All pictures are to be excluded when the data below is output verbatim.
====
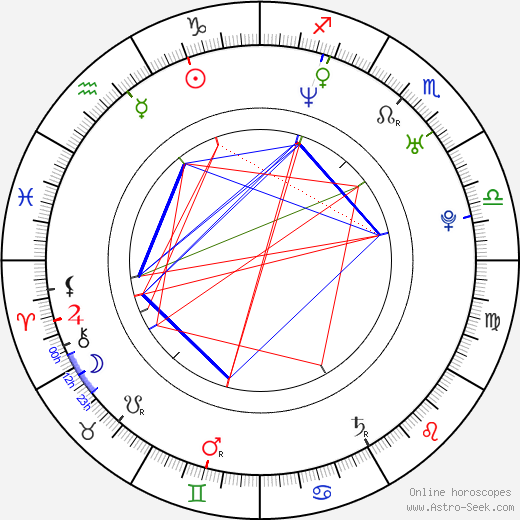 Dana Fuchs birth chart, Dana Fuchs astro natal horoscope, astrology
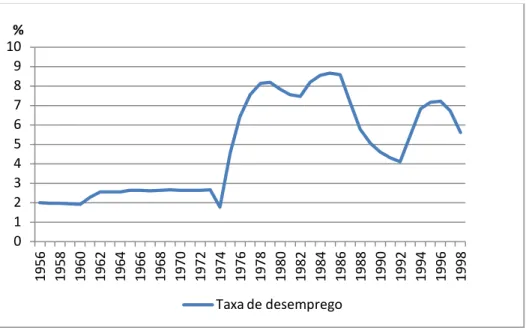 Figura 1. Evolução da taxa de desemprego de Portugal, 1956 – 1998  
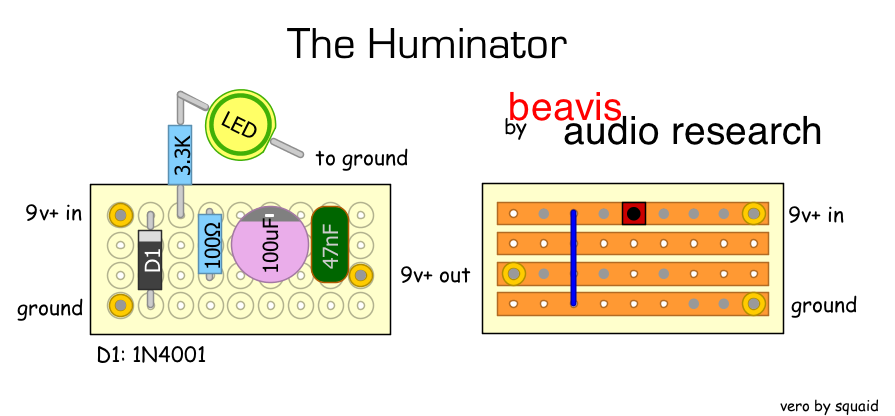 beavis huminator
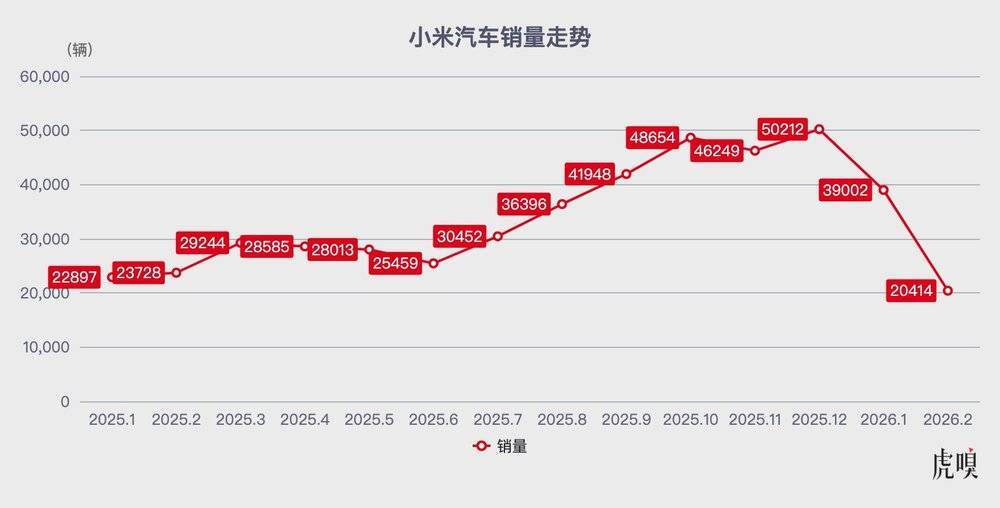 小米汽车在去年6月后迎来了一波销量上涨，这是得益于小米YU7的发布，但在10月的事故发生后，其销量也出现了回落；数据来源：易车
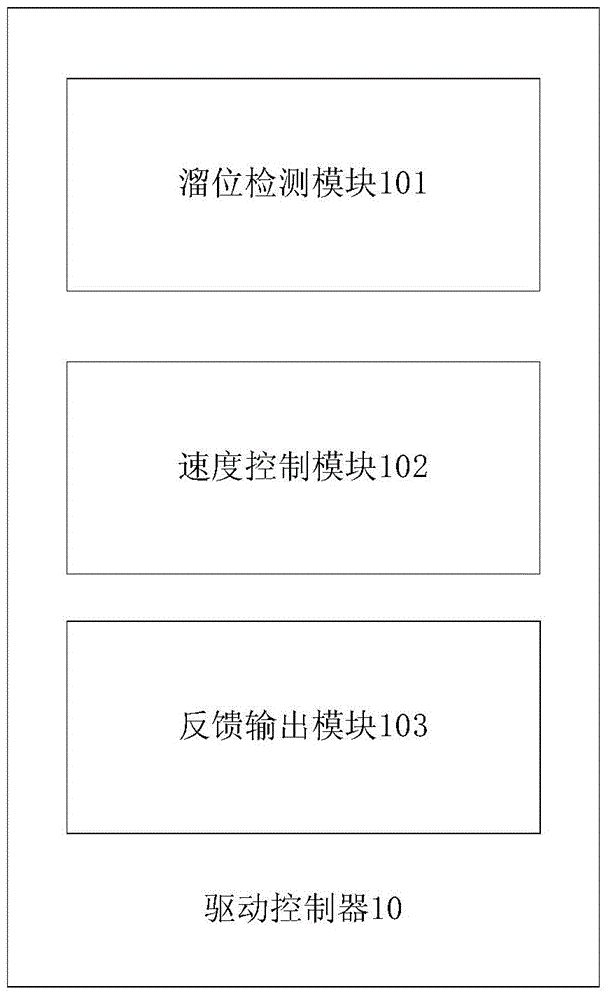 Anti-slope-slipping driving controller, control system and control method of automobile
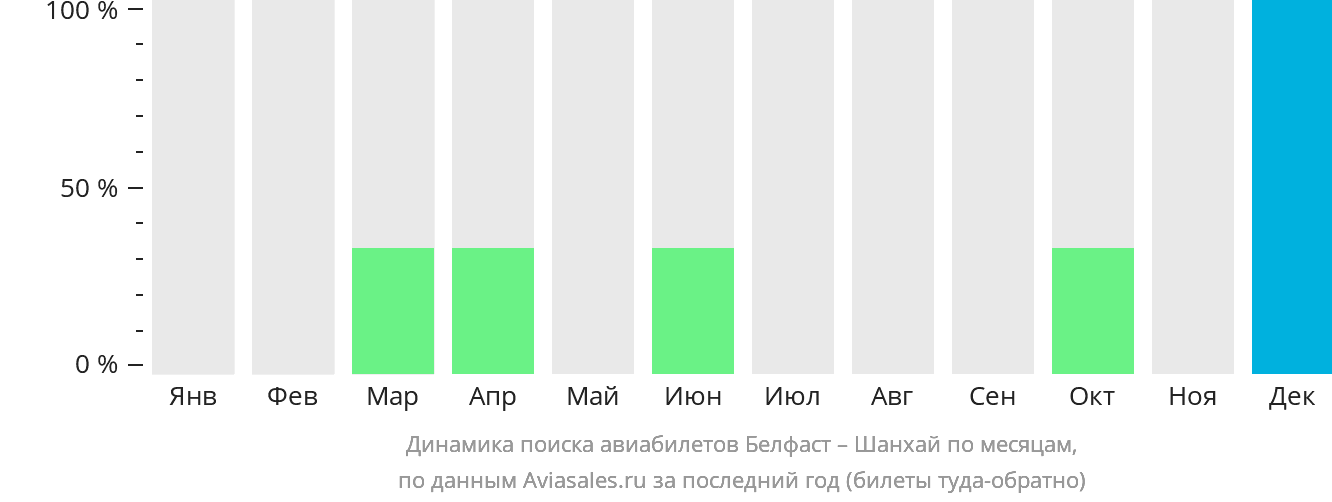 Динамика поиска авиабилетов из Белфаста в Шанхай по месяцам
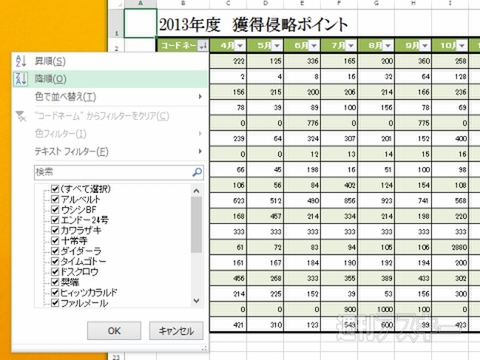 Excel 2013 ”積み上げグラフ”で情報把握するための”ツボ”を紹介！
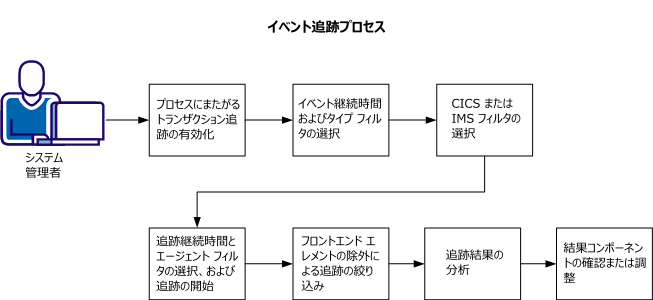 Filter_Criteria_Procedure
====
**RESULT OF THE EXERCISE**
 Dana Fuchs birth chart, Dana Fuchs astro natal horoscope, astrology
 Figura 1. Evolução da taxa de desemprego de Portugal, 1956 – 1998  
 beavis huminator
 小米汽车在去年6月后迎来了一波销量上涨，这是得益于小米YU7的发布，但在10月的事故发生后，其销量也出现了回落；数据来源：易车
 Anti-slope-slipping driving controller, control system and control method of automobile
 Динамика поиска авиабилетов из Белфаста в Шанхай по месяцам
 Excel 2013 ”積み上げグラフ”で情報把握するための”ツボ”を紹介！
 Filter_Criteria_Procedure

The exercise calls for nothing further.